McArdle then asked the defendant if he and McCaffrey could speak to him privately away from Field. The defendant agreed and the three of them went outside. Once outside, McArdle asked the defendant if he could explain how an IP address with an account in Field’s name and associated with 480 North Landing Road was identified as downloading child pornography. The defendant said that he had no answer for that, and then, when asked if he could have downloaded child pornography accidently, he replied no. McArdle indicated to the defendant that, in the past, the FBI had found IP information to be fairly credible, and that the only way to be certain as to whether the correct IP address had been obtained was to have the computers in the residence forensically examined by FBI experts in Buffalo. In that regard, McArdle stated to the defendant, “You have a choice. You can let us take them or not let us take them. You can resolve the matter by letting us take them. If you don’t allow us to take them, the investigation will continue.” At first the defendant was hesitant. He indicated that he did not want to be without computers and Internet access at the house. He indicated that he was using the computer to search for work and that Field used the Internet to play games. However, he then indicated that he would let McArdle and McCaffrey take the computer from upstairs but not the one from downstairs.

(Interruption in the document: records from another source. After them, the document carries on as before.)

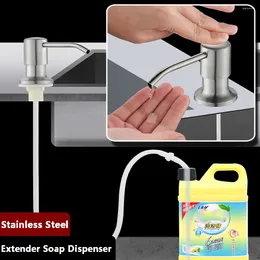 Liquid Soap Dispenser Kitchen Pump Stainless Steel Manual Pressing Lotion Detergent Bottle Extension Tube Sink Accessories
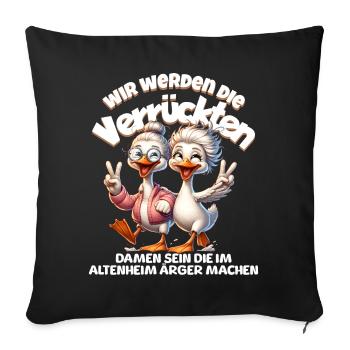 Drôle de canard Trouble Faire BFF - Housse de coussin décorative 45 x 45 cm - noir - Devant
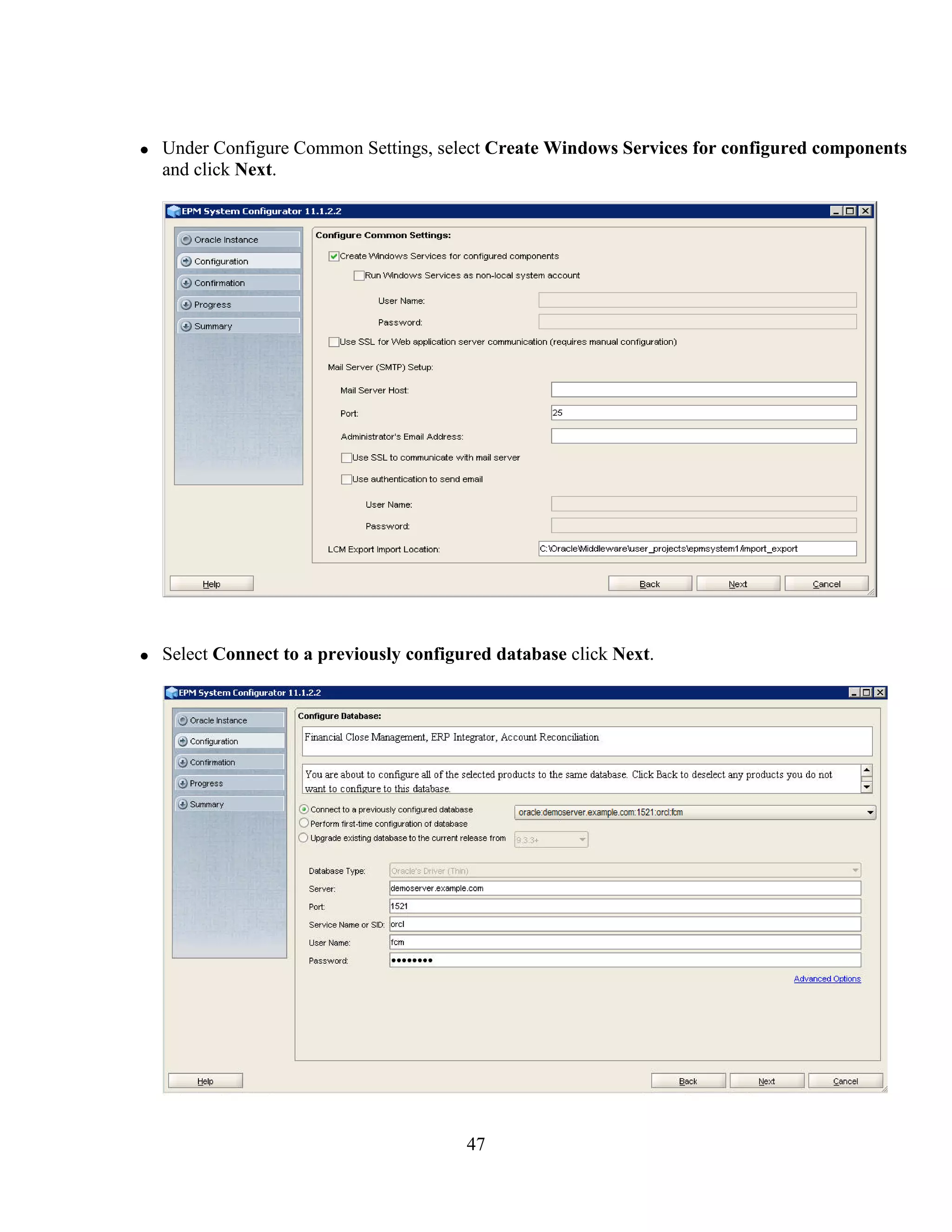 47
Under Configure Common Settings, select Create Windows Services for configured components
and click Next.
Select Connect to a previously configured database click Next.
 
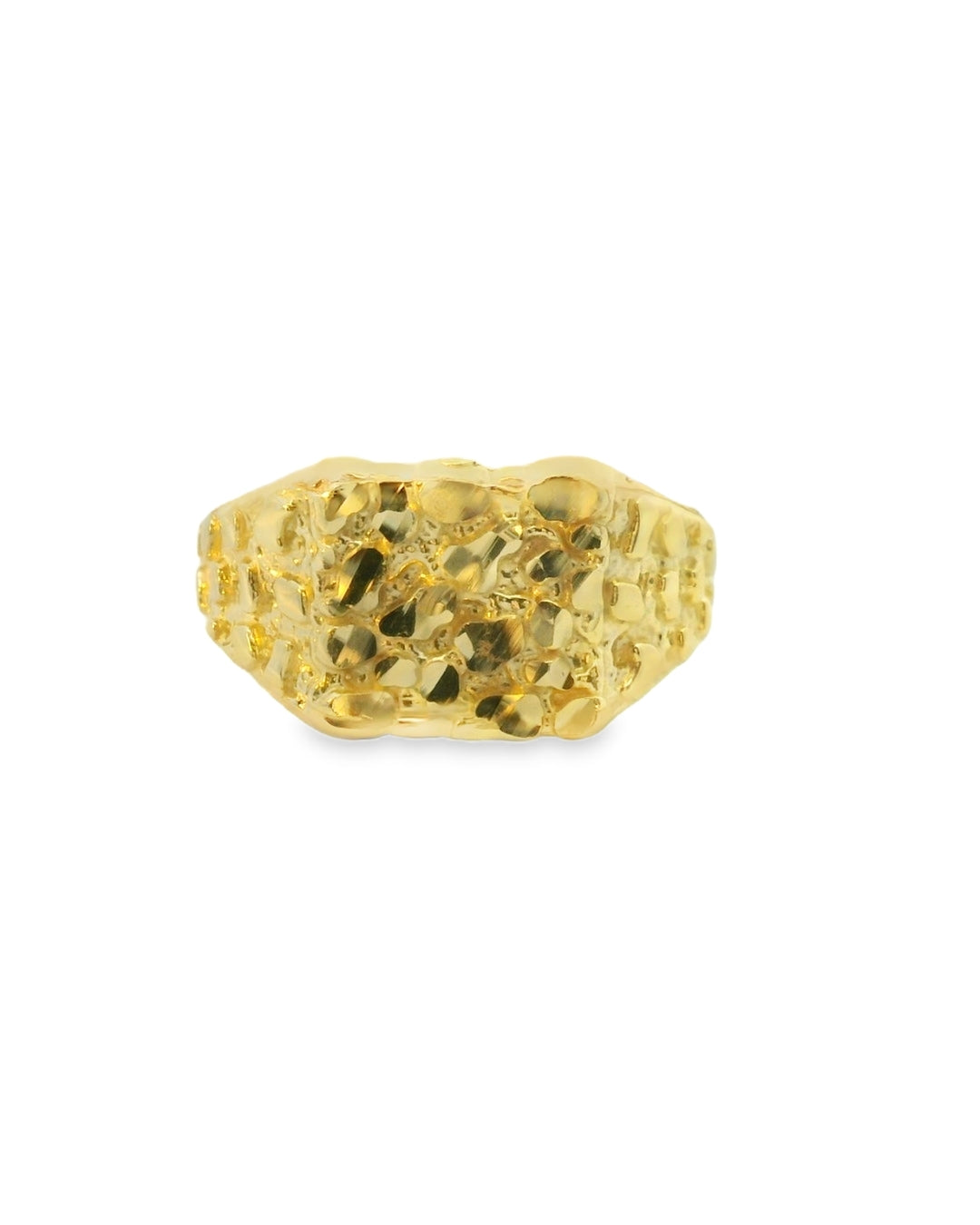 14K YELLOW GOLD SOLID NUGGET RING SIZE 6 1/2 3.2G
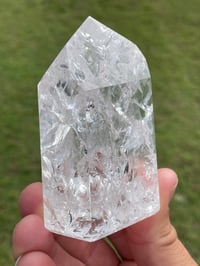 Image 1 of Crackle Quartz Crystal Point With Rainbows #1452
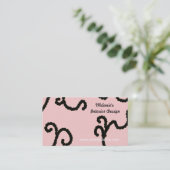 Roze en zwart interieurontwerp visitekaartje (Staand voorkant)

The defendant, McArdle, and McCaffrey went back inside the house, after which the defendant and McCaffrey proceeded upstairs, while McArdle waited downstairs with Field. Using a tool, the defendant unscrewed two hard drives from the computer on the second floor and handed them to McCaffrey. The defendant and McCaf-frey then went back downstairs. About five minutes had elapsed from the time they went upstairs until the time they returned downstairs. When the defendant and McCaffrey were back downstairs, McArdle produced a form, received into evidence as Exhibit # 1 and captioned “Consent to Search Computer(s).” The form consisted of two pages, but only page one was applicable to the situation at hand. After McArdle read page one of the form to the defendant and showed it to him, the defendant signed page one of the form in the presence of McArdle and McCaffrey, who witnessed his signature. Before the defendant signed page one of the form, McArdle asked him if he had any questions and the defendant answered that he did not. By its plain reading, in signing page one of the form, the defendant gave the FBI permission to search the two hard drives that he had handed to McCaffrey. Significantly, page one of the form includes the following language: “I have been advised of my right to refuse to consent to this search, and I give permission for this search, freely and voluntarily, and not as the result of threats or promises of any kind.” In fact no threats or promises were made by McArdle or McCaffrey to the defendant to get him to sign the form, and at no time prior to signing the form did the defendant ever indicate that he wanted to consult with a lawyer. Further, the defendant was never restrained in any fashion. Moreover, the defendant did not exhibit any signs that he was under the influence of alcohol, but rather was coherent. After the defendant signed the consent form, McArdle provided him with a receipt for the two hard drives, which was received into evidence as Exhibit # 2 and which was signed both by McArdle and the defendant. After providing the defendant with the receipt, McArdle and McCaffrey left 480 North Landing Road with the two hard drives. The total time that McArdle and McCaffrey were at 480 North Landing Road on July 14, 2005, was less than an hour.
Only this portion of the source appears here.